**BRIEF**
Among the lines below, a stretch begins at the one with "MATK232 - High" and ends at the one with "Out Of Body". Repeat that stretch exactly, ends included.

**EXERCISE MATERIAL**
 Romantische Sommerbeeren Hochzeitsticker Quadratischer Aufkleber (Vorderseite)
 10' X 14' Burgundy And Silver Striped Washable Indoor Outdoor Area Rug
--
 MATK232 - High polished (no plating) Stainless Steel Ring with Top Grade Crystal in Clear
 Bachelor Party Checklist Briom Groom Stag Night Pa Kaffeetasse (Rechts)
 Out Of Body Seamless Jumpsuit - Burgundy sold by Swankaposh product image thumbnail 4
--
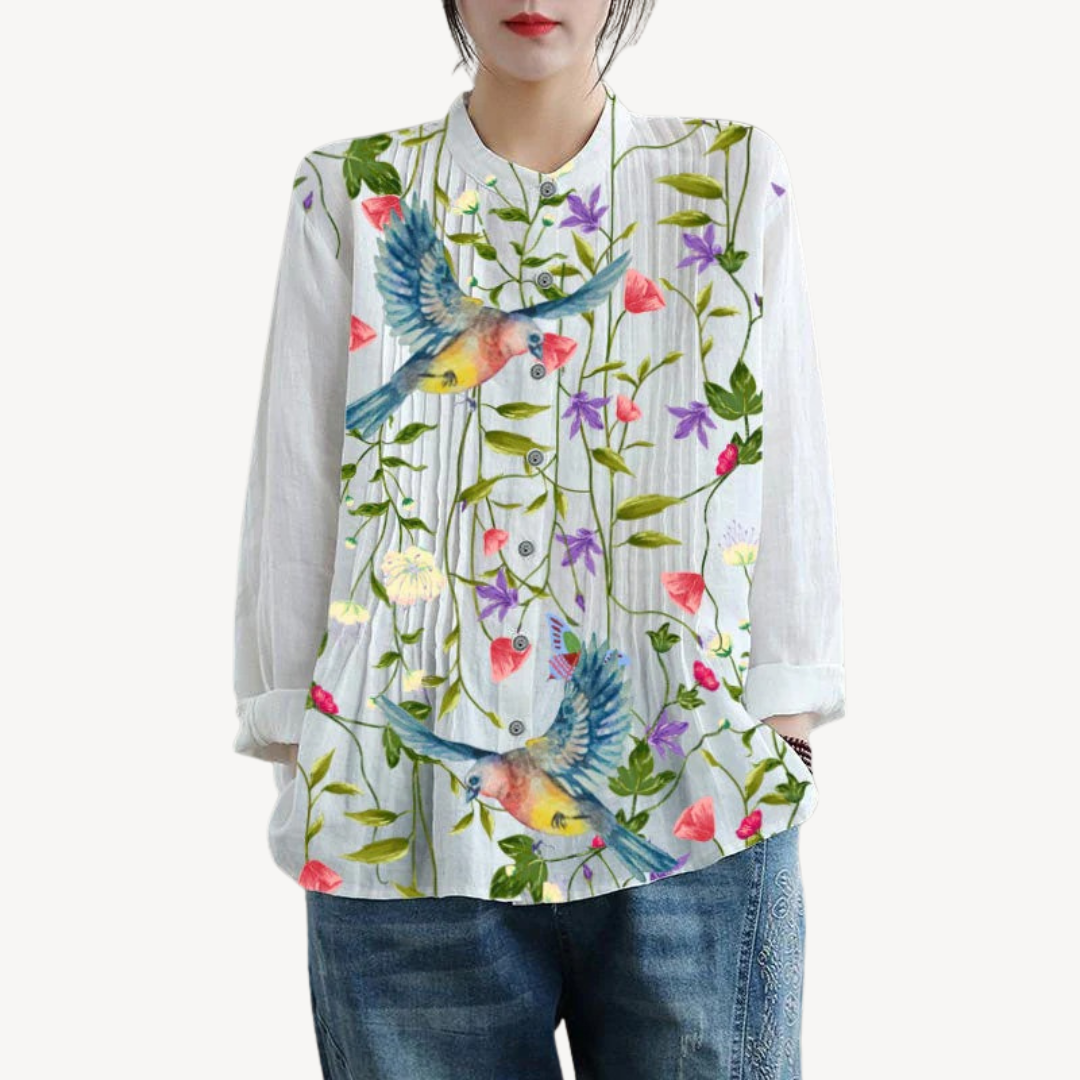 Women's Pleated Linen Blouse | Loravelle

**RESPONSE FOR THIS EXERCISE**
 MATK232 - High polished (no plating) Stainless Steel Ring with Top Grade Crystal in Clear
 Bachelor Party Checklist Briom Groom Stag Night Pa Kaffeetasse (Rechts)
 Out Of Body Seamless Jumpsuit - Burgundy sold by Swankaposh product image thumbnail 4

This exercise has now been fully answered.